Last week, Secretary of Education Arne Duncan gave an important speech at the annual convention of the National Education Association (“NEA”), one of the country’s two major teacher unions. Urging bold action, the Secretary challenged the NEA delegates to think differently about the role of unions. He characterized reform as a moving train, and invited the NEA to “get on the train,” by abandoning the outmoded model in which almost all employment rights and benefits are based on seniority; reforming teacher tenure so that the decision to award lifetime job protection is meaningful and so that poor performing teachers can be removed; and designing meaningful evaluation systems that include evidence of student learning.
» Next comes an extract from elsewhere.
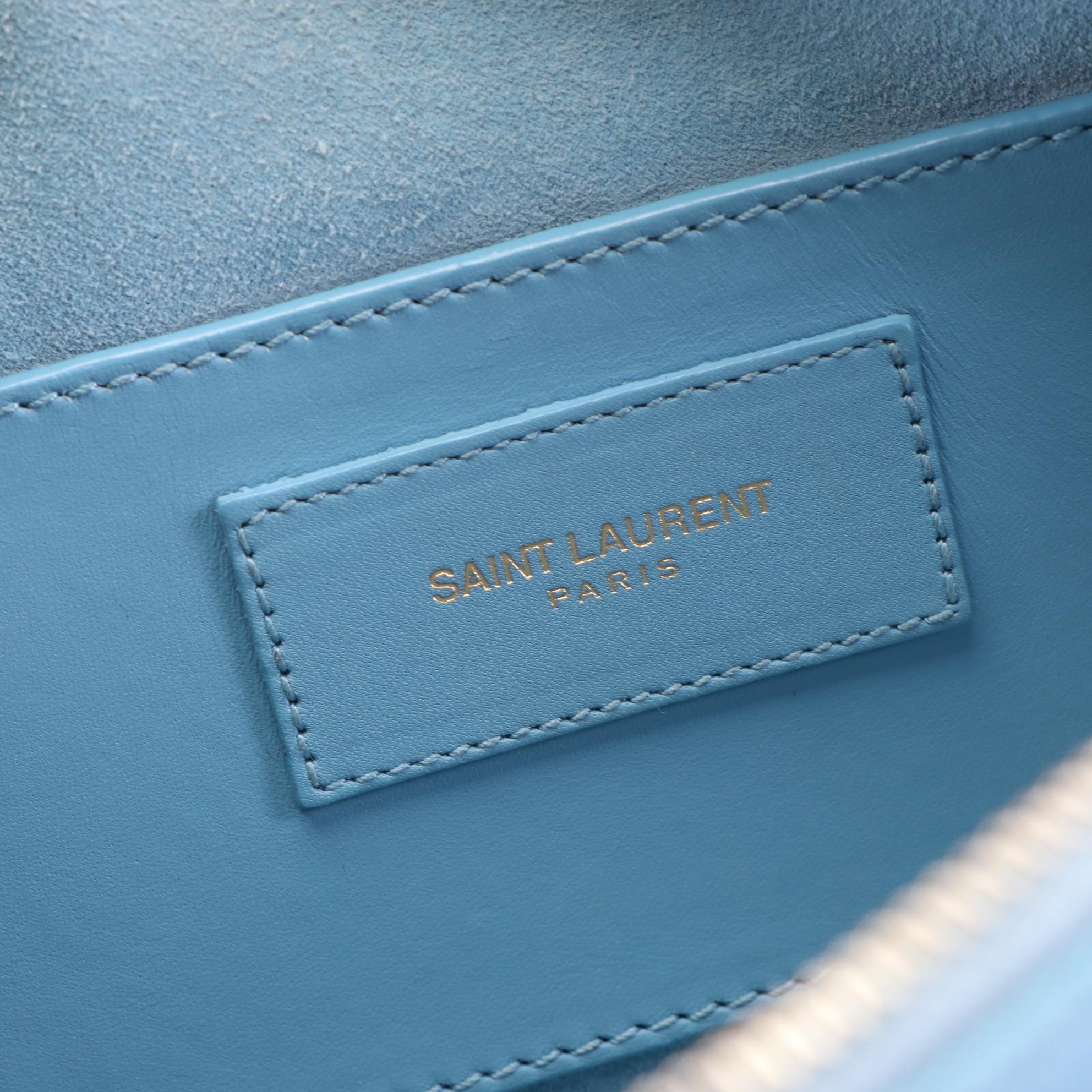 Saint Laurent Classic Baby Duffle Bag in Blue Leather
I think it’s fair to say that the NEA hasn’t quite jumped on the train yet. I hope they, as well as their often more forward thinking brethren at the AFT, are considering it.
It is, of course, inconceivable in most organizational settings outside education that proposals such as Secretary Duncan’s would be considered “bold action.” With the exception of educators and perhaps parts of city governments, almost everyone in America works in systems in which career progression rests on factors other than just seniority; most workers are used to high-stakes evaluations related to performance; and few are guaranteed a job for life after just showing up for two or three years. Yet the Secretary’s proposals are, in fact, “bold” in education, and they face significant opposition. What accounts for this? I believe that our ability to make progress depends in part on understanding educators’ real fears of the Secretary’s reform train.
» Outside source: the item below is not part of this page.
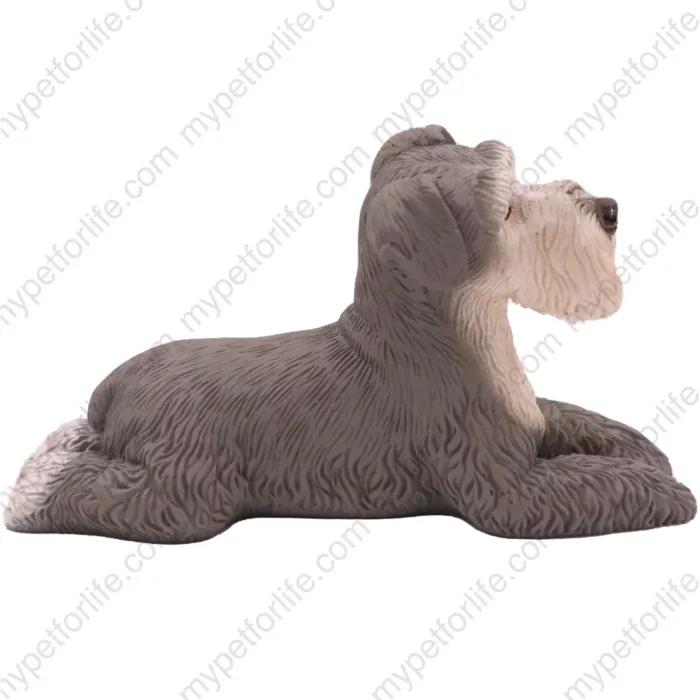 Laying ears up Gray Schnauzer dog figurine for memorial urn, side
First, we must acknowledge that asking unions to “board the train” will essentially come down to asking union members to cast a vote to make their jobs less secure. Human nature being what it is, I suspect this vote will come only when the rewards for doing so are persuasive, or the cost of not doing so is unacceptable. Some forms of train travel may have to be mandated through legislation. At minimum, we must acknowledge educators’ fears in order to gain union cooperation and to design and implement systems that can work. In my discussions with union leaders and members, they often express deep distrust that any system that purports to base employment decisions on merit—whether decisions regarding career progression, layoffs, performance, or compensation—can be fair. I believe this is a legitimate concern, but one that can be responsibly addressed.
There are basically two ways to discern merit in teaching: 1) observing classrooms and evaluating the teacher pursuant to a rubric that describes what good teaching looks like; and 2) calculating student learning growth over time, based on test scores, and comparing it to the growth that can be statistically predicted for the same students. Observation is the traditional evaluation method, in use in almost every district in some form or another. However, as a great new study by The New Teacher Project shows, the vast majority of teachers observed are rated above average and almost none are rated unsatisfactory. To put it as many teachers do, “evaluation is a joke”.
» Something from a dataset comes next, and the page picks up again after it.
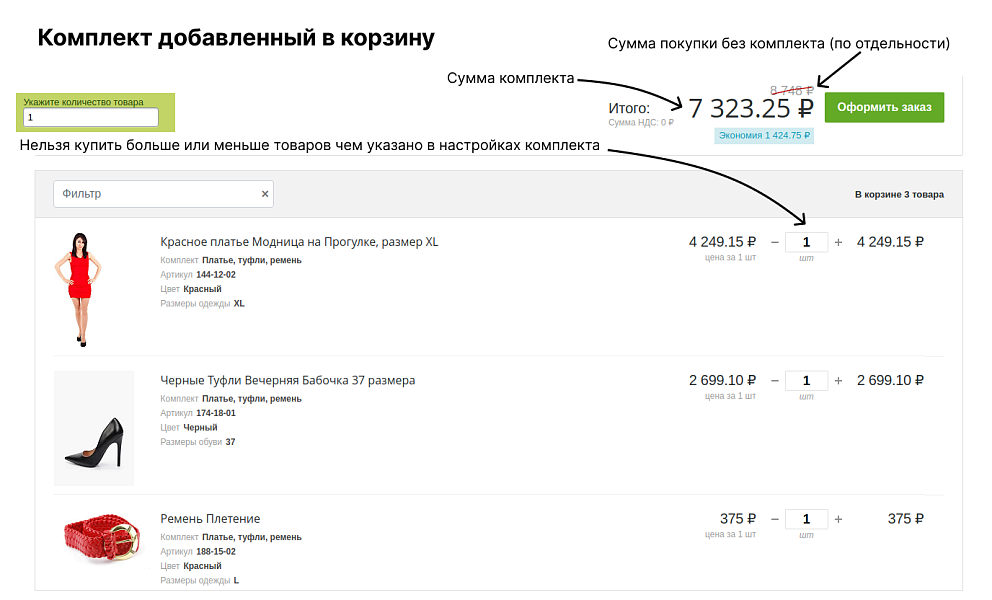 Комплекты товаров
This need not be the case, of course. There are several widely used systems for rating teachers based on observing them teach, and some districts, especially smaller ones, have implemented such systems quite rigorously. This method, however, is very expensive to do well, since it takes significant training to ensure that all evaluators rate teachers similarly, often requires additional staff as evaluators, and requires a system of checks and balances to prevent evaluator bias or error.
I believe we must keep our common sense about us if we attach real consequences to observational systems. Many of us have had teachers who changed our lives. Yet when we reflect on the teachers who made a difference, we realize that the best ones ran the gamut of behaviors – and many of those who made the most difference did not fit the behavioral ideals of these observation-based systems. Personally, I am firmly agnostic about teaching style, so long as the style fits in with school culture and students are learning (although I grant that all good teachers share a few characteristics, such as setting high standards and engaging all students). In any event, I understand it when educators are skeptical of teacher evaluation systems based on classroom observations. To me, used alone, these systems are a little like rewarding those in sales jobs for making the sales pitch, without taking into account whether they actually sold anything.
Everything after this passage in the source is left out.